Support for the housing component might include financing from the Canada Mortgage and Housing Corporation, rather than grants, though he hopes for federal cash for the new JCC building. He credited the federal government for stepping up with funding for security infrastructure for communities at risk, but added there is always need for more.

* * *

The rise of hate-motivated rhetoric and violence leads some community leaders to call for more federal action and leadership.

“With the rise of antisemitism, racism and far-right extremism, particularly in the online space, the Vancouver Holocaust Education Centre would welcome a comprehensive strategy to tackle hate in all its forms,” said Nina Krieger, executive director of the VHEC.

Russ Klein, principal of King David High School, would like to hear party leaders and candidates address how they are demonstrating moral and ethical leadership that creates trust and inspires Canadians, especially young people.

“How will they work to ease a society which seems quick to feel fear and seems overly stressed and anxious?” asked Klein. “I want to know how they will support a kinder, more inclusive society that offers hope and opportunity for all but especially to young people and to the most vulnerable in our society. How will they work to maintain affordable housing, livable wages and allow people to manage a balanced lifestyle in cities like Vancouver, where young families cannot afford to live in their current community? We live in extremely concerning times globally and I want Canada to lead in decreasing world tensions – how will they do that?”

* * *

Similar broad topics arose among a handful of University of British Columbia students who met at Hillel House to discuss issues that are important to them. All agreed that there has not been enough discussion of foreign affairs and there is a lack of substantive difference between the parties on issues like immigration.

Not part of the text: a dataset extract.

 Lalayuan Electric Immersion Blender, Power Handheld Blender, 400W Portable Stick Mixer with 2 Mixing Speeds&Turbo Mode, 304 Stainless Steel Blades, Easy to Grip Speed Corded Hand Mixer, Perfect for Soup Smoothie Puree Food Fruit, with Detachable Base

“I don’t see any candidate that has a clear foreign policy vision, even though I think Chrystia Freeland is, personally, a great minister of foreign affairs,” said Adam Yosef Dobrer, a third-year political science student who is volunteering on Zach Segal’s Conservative campaign in Vancouver Granville.

Dobrer also wants Canada to return to the Conservative policy of defunding the United Nations Relief and Works Agency for Palestine Refugees in the Near East (UNRWA), which he called the greatest obstacle to peace between Israelis and Palestinians.

“In the last four years, I found it very difficult to understand where Canada as a nation lies in foreign affairs,” said Nika Perel, a fourth-year psychology student from Ontario who plans to vote Conservative. She credited the previous Conservative government with more clarity on Israel and Palestine and on Russia and Ukraine. “Stephen Harper made it very clear that he took a position supporting Ukraine.”

Jake Reznik, a nursing student with an undergraduate degree in kinesiology who remains an undecided voter, said Canada is not adequately standing up to China over its treatment of the Muslim-minority Uygher population or its other human rights violations. He added: “There is a lot of influence that the Chinese government does have in Canada that goes under-recognized.”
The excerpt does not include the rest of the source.